*WORK INSTRUCTIONS*.
Should a picture appear anywhere in the data, omit it and copy everything else exactly.

*DATASET CONTENT*.
————————

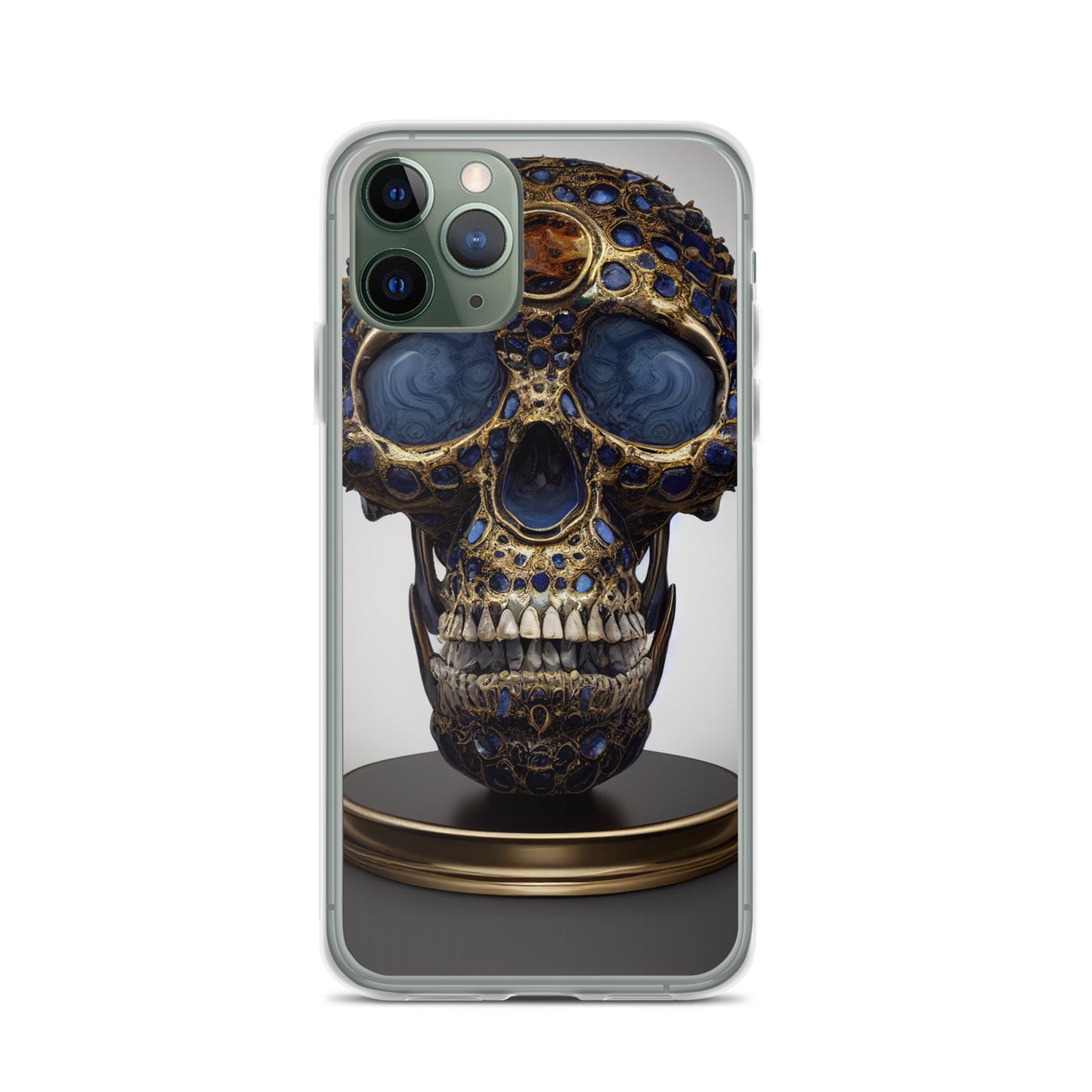 iPhone Case - Golden Skull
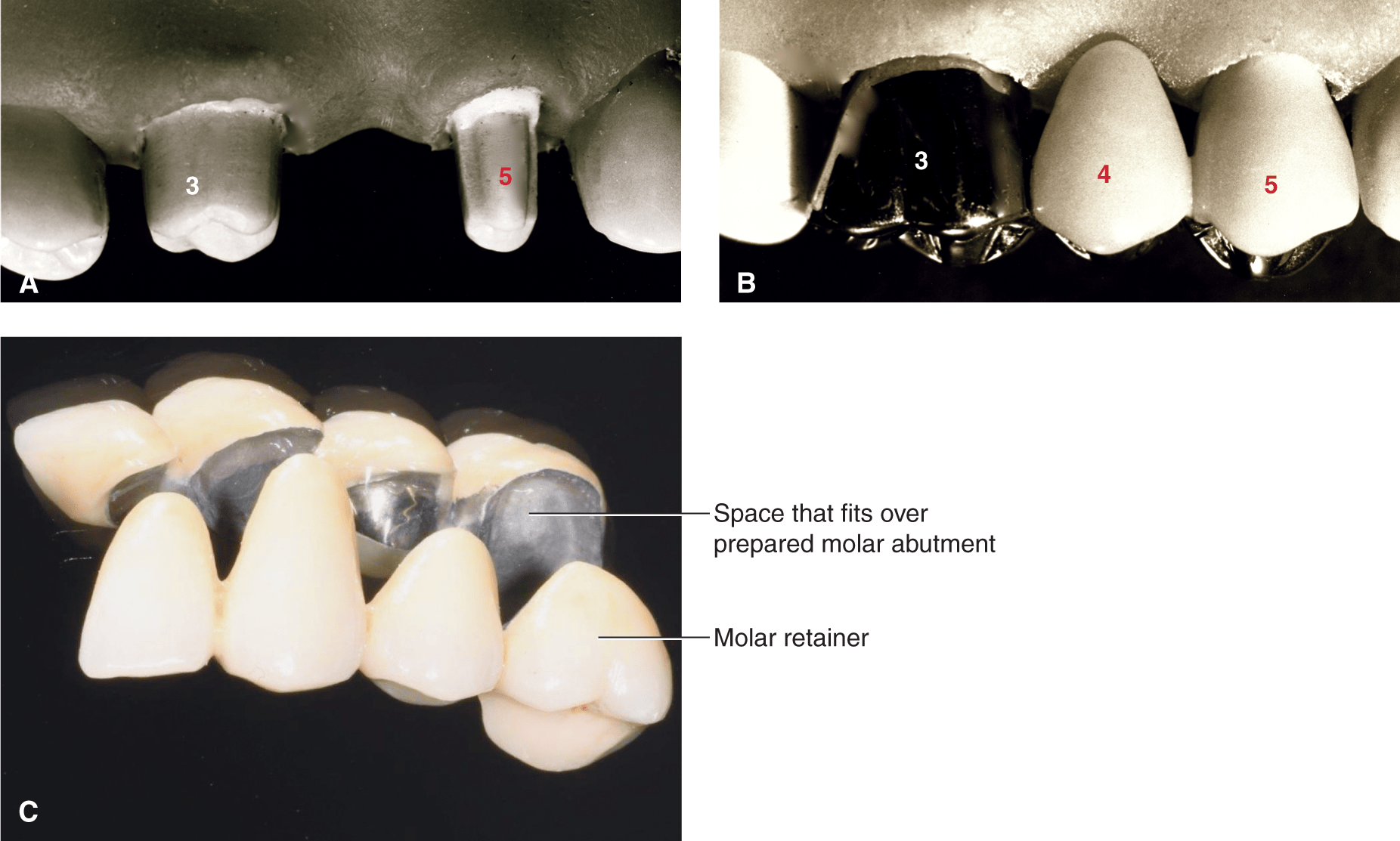 Restoring Large Tooth Defects And Tooth Replacement | Pocket Dentistry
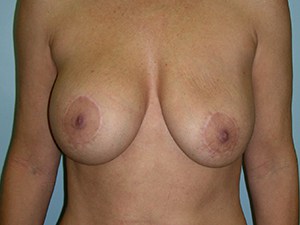 Breast Augmentation before and after - before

————————

*RESULT OF THIS TASK*.
 iPhone Case - Golden Skull
 Restoring Large Tooth Defects And Tooth Replacement | Pocket Dentistry
 Breast Augmentation before and after - before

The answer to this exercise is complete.